Onlar bana birşey Söyleyecekleri zaman içerde oda da kağıda bakıp yanıma gelip,
Aiseru san kan almak,
Aiseru san idrar vermek,
Aiseru san röntgen çekmek gibi her şeyin türkçe söyler oldular. Kendimi daha da rahatlamış, kendi ülkemmiş gibi hissettirdiler bana.
Öyle böyle, hemşirelerimle, doktorumla çok iyidik.
Yada çok çok iyilerdi?
Bir millet, bir insan bu kadar mı iyi olur? Saygılı olur Sabırlı olur?
Bir offf! demezlerdi. Git başımdan demezlerdi. İlk kez bu hastane'de İnsan gibi muamele görüyordum.
90'larda kendi böbreğim ve oğlanın allerjik bronjiti için günü birlik SGK devlet hastanelerindeydim ve insan gibi muamele görmemiştim hiç. Artık öyle değil, değil mi? Bir hemşireye birşey danışmaya gelmiyor. İnsanı azarlıyorlardı.
Çalışmaya yüzü yok ama başkalarına'da yol açmıyorlar.
Memnun değilsen işinden çık kardeşim. Evde tayinini bekleyen binlerce işsiz varken.
Neyse Japonya'da doktorlar, hemşireler, hasta bakıcılar el pençe.
Doktor bir hastasının önünde eğilip selam verdiğini ilk kez görüyordum.
Hemşire seni bas bas bağırarak değilde yanına kadar oturduğun yere gelip kâğıtları elinden alıp, elinden tutup doktorun odasına götürmeleri de ilk kez görüyordum.

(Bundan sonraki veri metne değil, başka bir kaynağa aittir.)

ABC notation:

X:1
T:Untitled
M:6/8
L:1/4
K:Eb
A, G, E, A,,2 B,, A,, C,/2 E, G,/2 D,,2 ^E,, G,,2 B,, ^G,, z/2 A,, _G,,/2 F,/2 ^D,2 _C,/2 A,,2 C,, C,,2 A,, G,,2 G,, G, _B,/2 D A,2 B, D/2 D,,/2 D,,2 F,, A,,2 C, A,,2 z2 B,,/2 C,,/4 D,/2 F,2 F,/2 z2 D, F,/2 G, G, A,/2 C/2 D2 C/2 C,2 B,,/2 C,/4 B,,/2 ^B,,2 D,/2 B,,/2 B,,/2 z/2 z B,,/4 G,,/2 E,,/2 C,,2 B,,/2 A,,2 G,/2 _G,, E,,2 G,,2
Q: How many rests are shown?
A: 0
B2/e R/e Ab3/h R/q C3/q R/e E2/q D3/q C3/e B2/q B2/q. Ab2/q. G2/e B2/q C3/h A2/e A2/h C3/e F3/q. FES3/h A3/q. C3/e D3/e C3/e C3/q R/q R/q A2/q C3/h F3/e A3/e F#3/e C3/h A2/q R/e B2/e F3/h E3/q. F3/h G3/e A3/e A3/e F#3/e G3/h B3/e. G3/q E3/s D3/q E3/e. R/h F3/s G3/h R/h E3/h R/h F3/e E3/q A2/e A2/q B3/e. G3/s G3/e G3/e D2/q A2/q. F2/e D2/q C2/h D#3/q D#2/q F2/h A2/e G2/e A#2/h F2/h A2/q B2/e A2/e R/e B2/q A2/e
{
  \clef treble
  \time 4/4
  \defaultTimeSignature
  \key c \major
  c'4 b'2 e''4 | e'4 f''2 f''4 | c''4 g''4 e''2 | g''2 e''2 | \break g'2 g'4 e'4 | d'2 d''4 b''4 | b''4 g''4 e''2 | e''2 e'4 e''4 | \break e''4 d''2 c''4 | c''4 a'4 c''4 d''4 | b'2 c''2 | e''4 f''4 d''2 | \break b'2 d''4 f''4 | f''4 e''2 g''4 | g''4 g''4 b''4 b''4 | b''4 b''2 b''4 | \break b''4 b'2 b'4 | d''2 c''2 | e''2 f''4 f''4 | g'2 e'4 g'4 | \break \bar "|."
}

Tahlil için biyokimya'ya gitmek?
Ultrason için numara kuyruğuna girmek?
Ultrason çekmek için 6 ay sonrasına gün almak?
Röntgen çekmek için randevu koparmak?
Yok yok yok!
Burası Japonya! burada bu saydıklarım yarım günü buluyor.
Burada hem sigortalısın hem de hasta kuyruğu yok!
Sistem öyle bir yürüyor ki birbirine dolaşmıyor, birbirine buyurmuyor.
Valla tıkır tıkır işliyordu ki yarım günde eve dönüyordum. Çok şükür uzun yıllar sürecek bir tedavi ve takipe girmiştim.
İstanbul da, 97'de Samatya hastanesinde sol böbreğim alınalı hiç bu kadar kapsamlı takibe girmemiştim.
Hey güzelim ülkem, burayı sırf bu yüzden çok sevdirdin bana. 4 sene araştırmalar sonucu Japonya'da da ufak bir operasyon geçirdim.